__Work required__
Although the entries contain pictures, the copy should hold only their exact text.

__Data to examine__

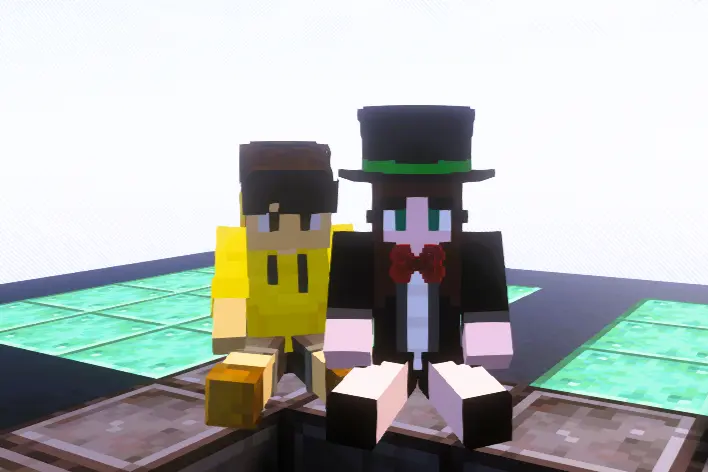 Minecraft characters sitting on a board game
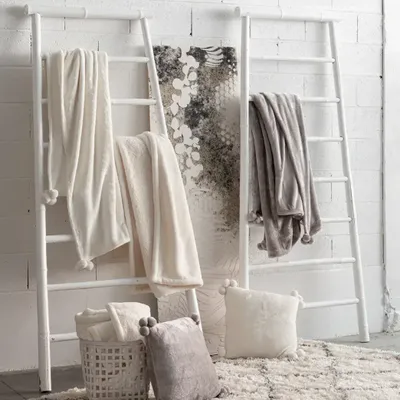 Throw blankets - Michka Throw Blanket Neige 130 X 160 - MAISON VIVARAISE - SDE VIVARAISE WINKLER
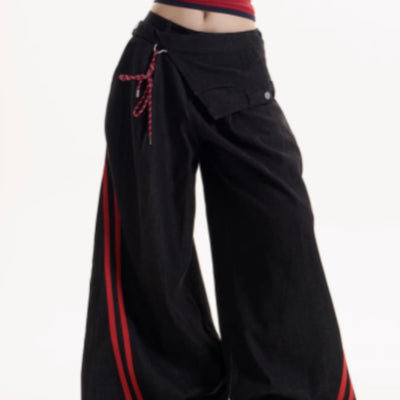 Pantalones Casuales Retro Americano a Rayas con Toque Picante - Image 10
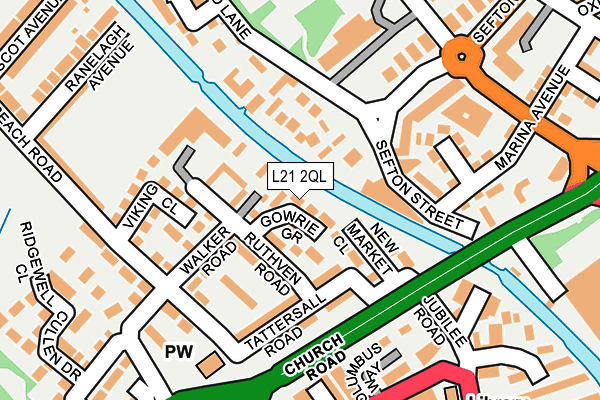 L21 2QL map - OS OpenMap – Local (Ordnance Survey)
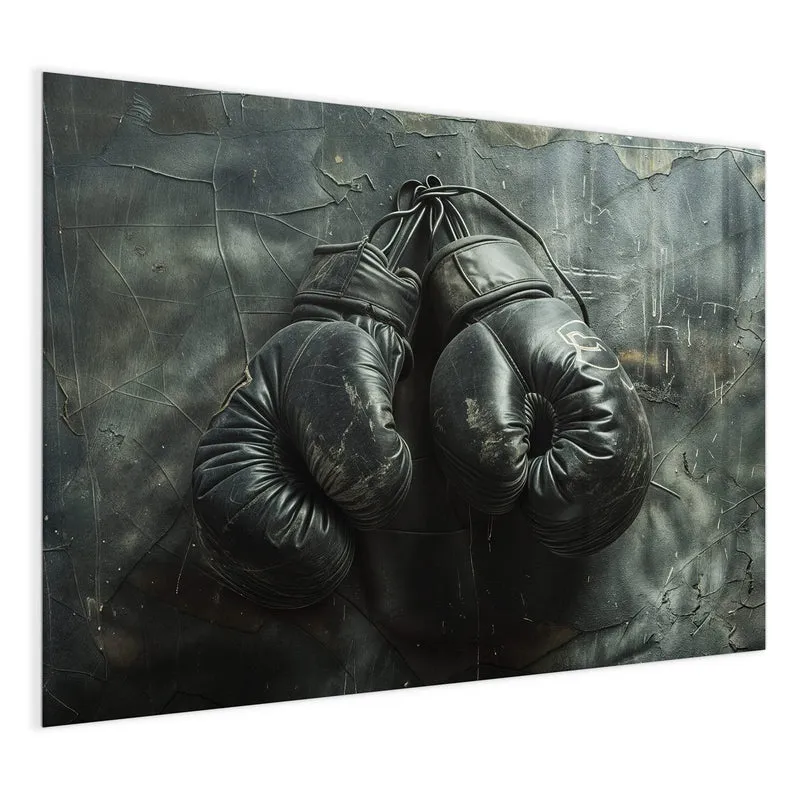 Glas Magnettafel - Boxhandschuhe an Wand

__Answer below__
 Minecraft characters sitting on a board game
 Throw blankets - Michka Throw Blanket Neige 130 X 160 - MAISON VIVARAISE - SDE VIVARAISE WINKLER
 Pantalones Casuales Retro Americano a Rayas con Toque Picante - Image 10
 L21 2QL map - OS OpenMap – Local (Ordnance Survey)
 Glas Magnettafel - Boxhandschuhe an Wand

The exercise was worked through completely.